Learning to deal with it requires inventive imagination, wide arsenal of counter-measures capable of deflecting the initial impact if not remedying it in a long run. Curiosity may aid to this constant search.
You may try to fill it in with plans, ideas, people; rekindle the spark to lighten up frightening abyss beyond. Some will come and go fulfilling the task for each given time, some will stay longer to help build bridges to cross to the other side. Some stay even longer eventually becoming an undistinguishable part of you that provides that solid ground in times of absolute darkness when all hopes seem to be evaporating into thin air grinding on your psyche with persistent deliberation. They might become your salvation when nothing else is there to help, something you are willing to run to on the edge of the gaping hole that is eager for your final mistake, winking in carnivorous anticipation of yet another victim.
All the illusions of stability shattered, life is just an ever-changing mosaic of days and events ready in turns to be your safety net or a downfall.
Understanding the implications can be frustrating like trying to find a path in the night forest. Immersing yourself in the unknown is dangerously thrilling.

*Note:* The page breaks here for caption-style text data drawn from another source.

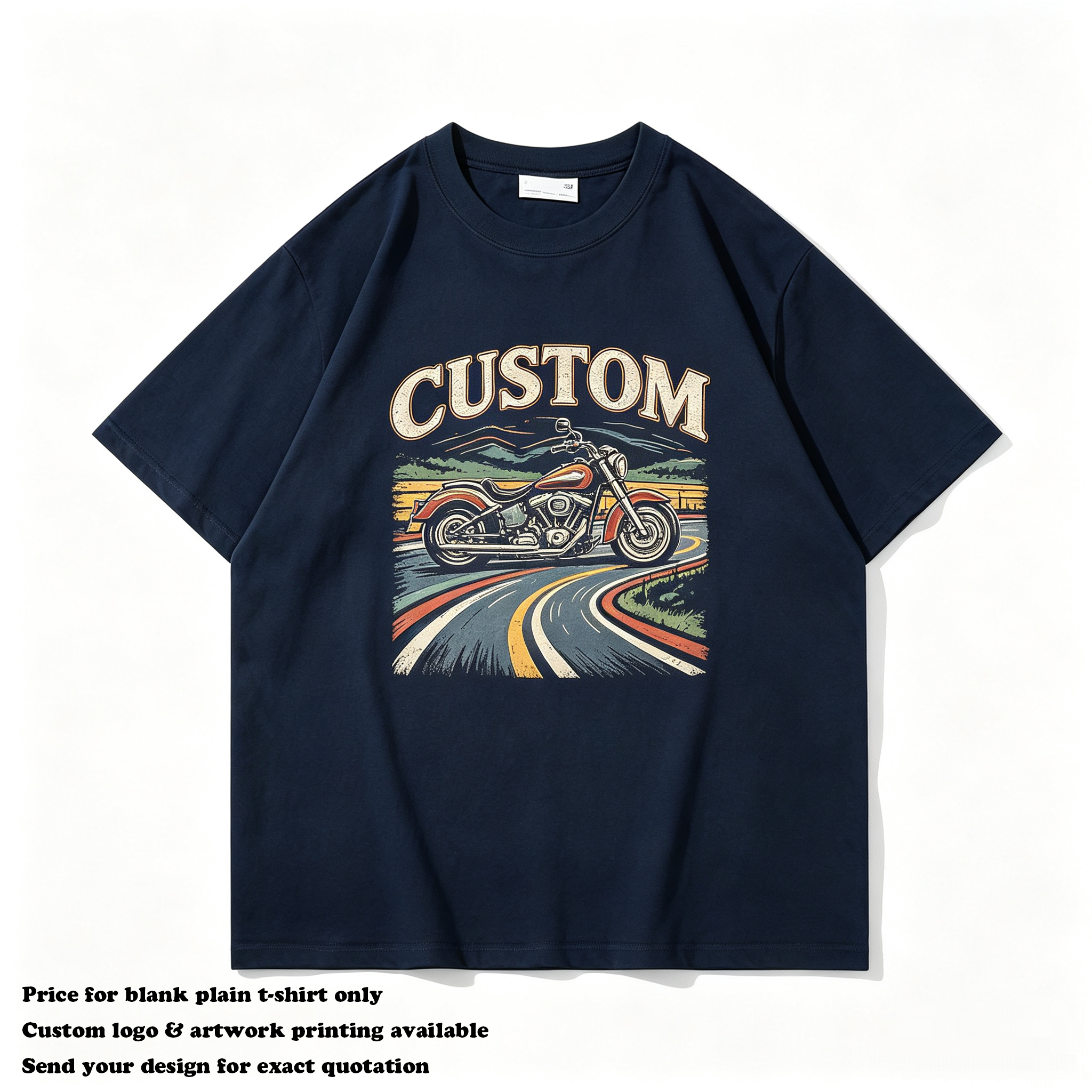 Heavyweight Plain T-shirt Streetwear Summer Short Sleeve  Drop Shoulder High Quality Wholesale Price Fashion T-shirts for Men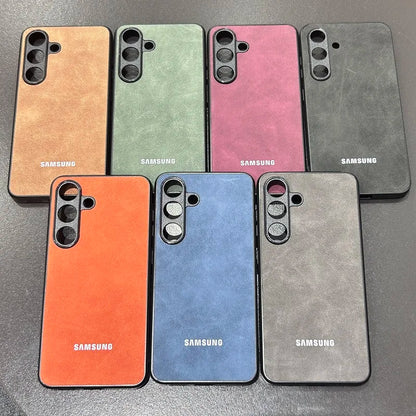 Capa de Couro de Ovelha Luxuosa para Samsung Galaxy S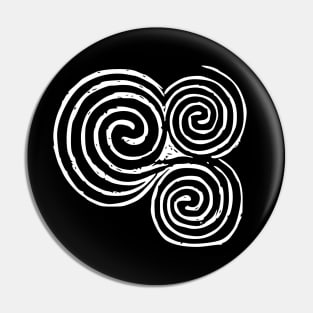 Celtic Triskel, Newgrange Pin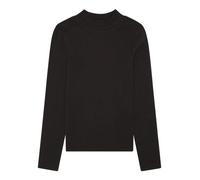 KnowledgeCotton Apparel Langarmshirt - Rib high neck long sleeved - aus Bio-Baumwolle Braun (chocolate-torte) XL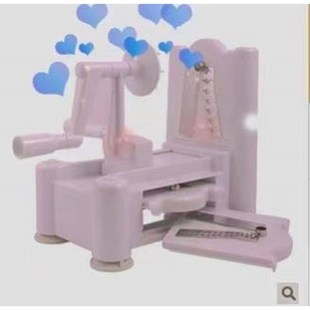 新款 Vegetable Spiralizer Fruit Chopper Manual Grater Slicer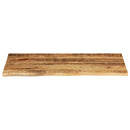 bordplade 120x60x3,8 cm naturlig kant massivt ru mangotræ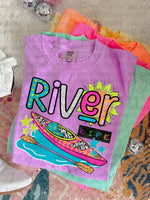 River Life with Kayak DTF Transfer (C&Co)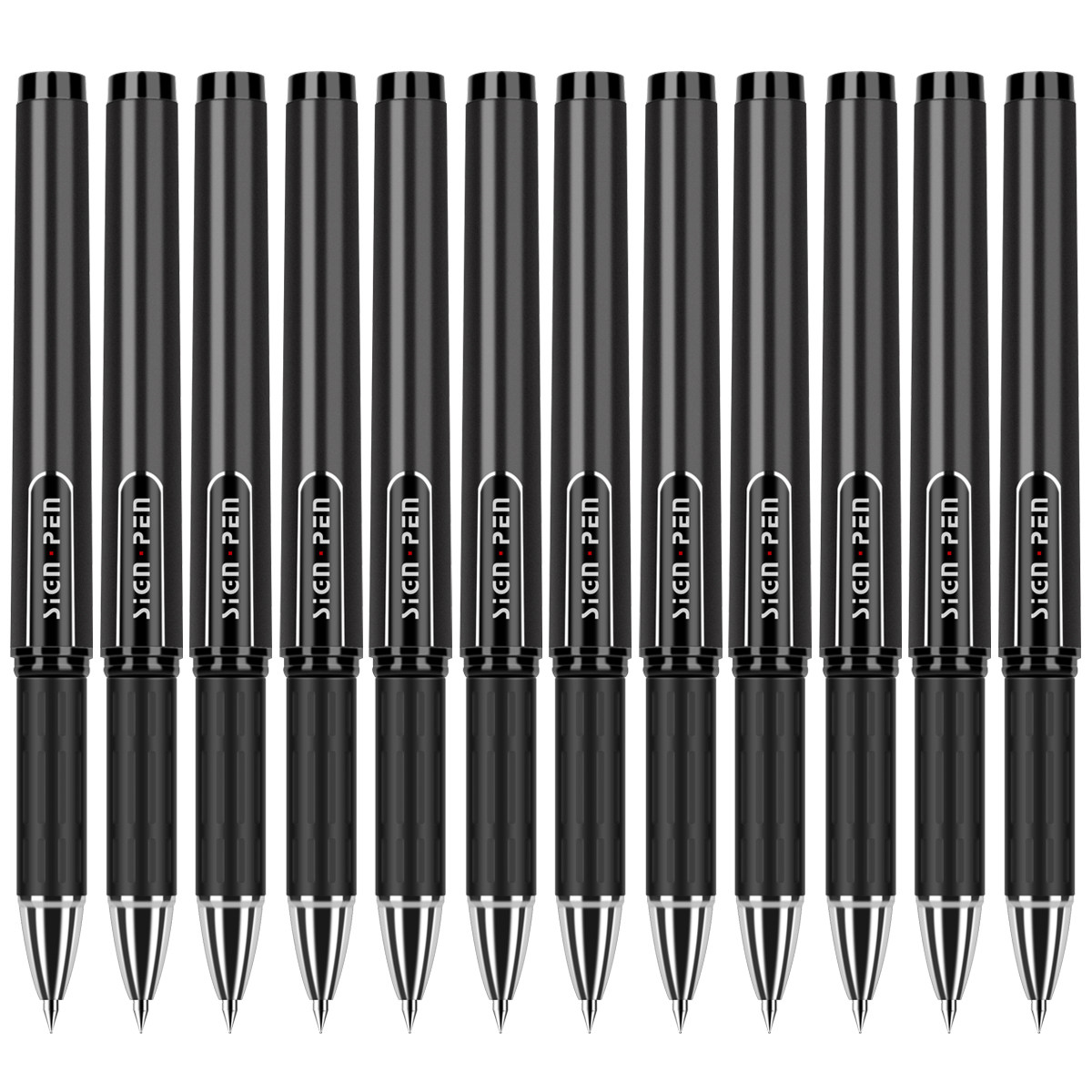 0mm中性笔s73水笔画碳素水笔会议粗签字笔大容量 商务笔1.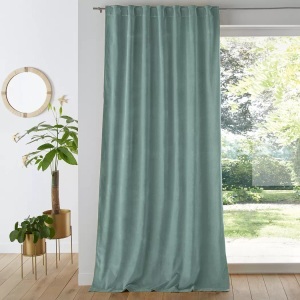 LA REDOUTE INTERIEURS, Vorhang Velvet Unisex Grün 135x260 cm, La Redoute Intérieurs - Vorhang Velvet, 135x260 cm, Grün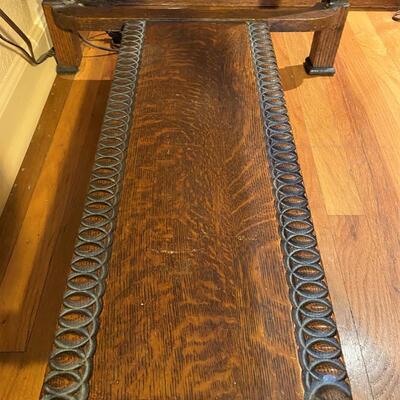 Beautiful Carved Oak Antique Desk Table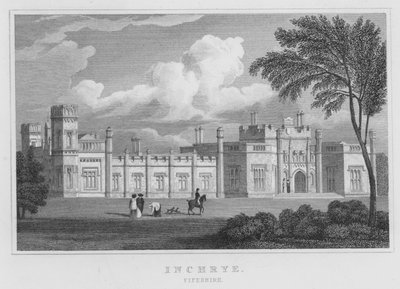 Inchrye, Fifeshire (engraving) by Thomas Hosmer Shepherd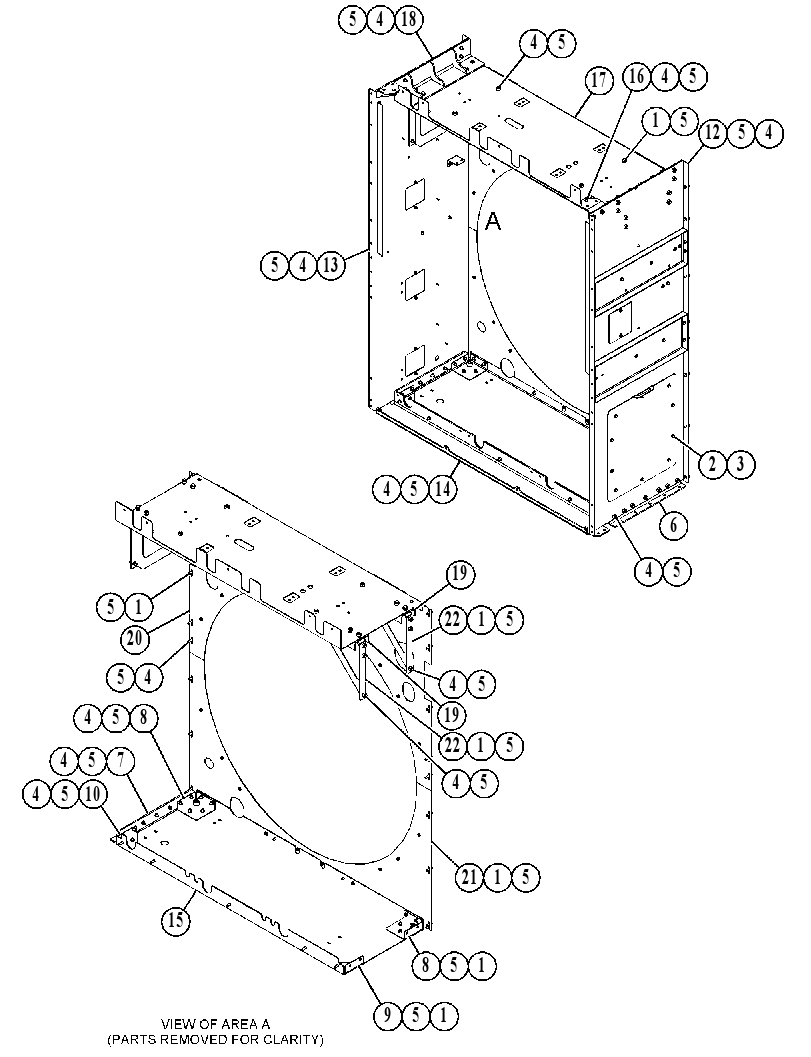 FRAME GP-RADIATOR 5615314 CAT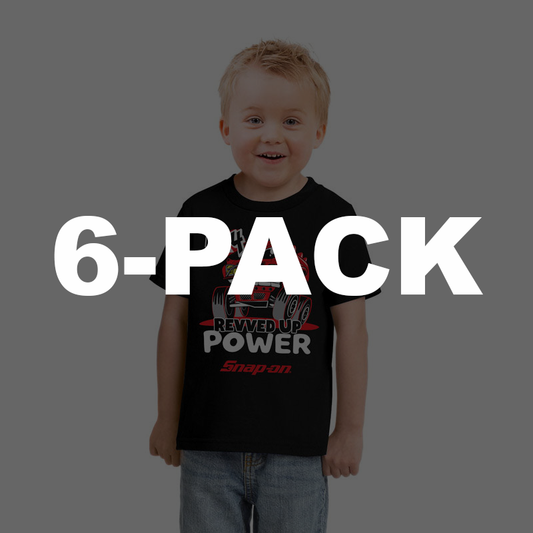 6 Pack MIXED TODDLER S/S T-SHIRT
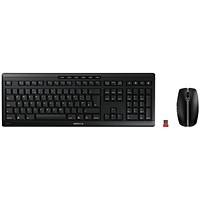 Cherry Stream USB Desktop Wireless Keyboard and Mouse Set UK Black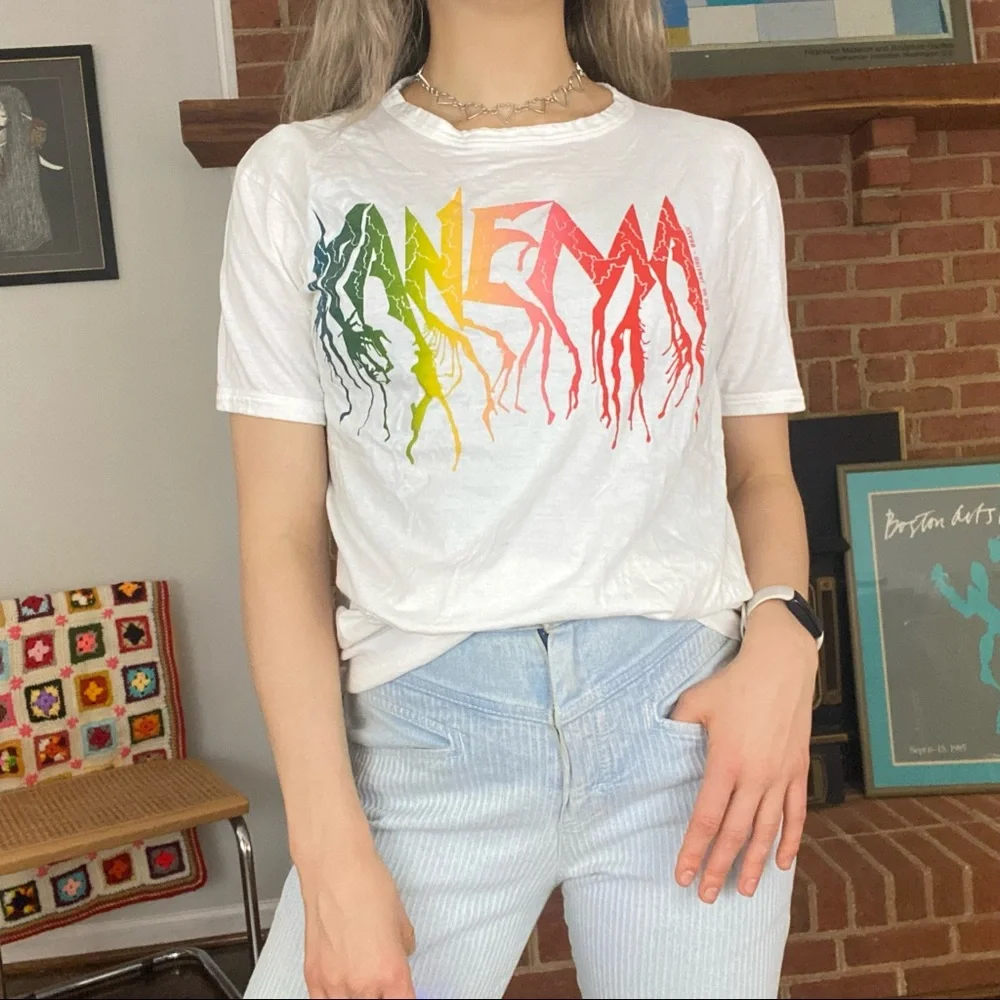 Vintage 90s Ipanema Rio De Janeiro Brasil Brazil Rainbow Mounted Collar …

This is the stage when the surrounding fails to distract and you are forced to navigate dark waters of your inner self to whatever end.
Comings and goings are exhausting with longer recovery time and dwindling hopes that the void will ever shrink or leave you alone.
On the contrary, it keeps growing like a hungry monster preparing for the final kill.
The implosion feels inevitable at this point when despair and resolution to win endlessly crossing swards in futile attempt to annihilate one another.
Keeping the fire going you throw anything you can find on it: time, people, relationships...
If the light is gone, so will you, at least in this reality.
I wish the illusive balance was attainable for longer than a moment and contentment could be achieved without constant battle for the space and air to breathe.
I wish there were answers to all the whys and meaning to things one day become crystal clear.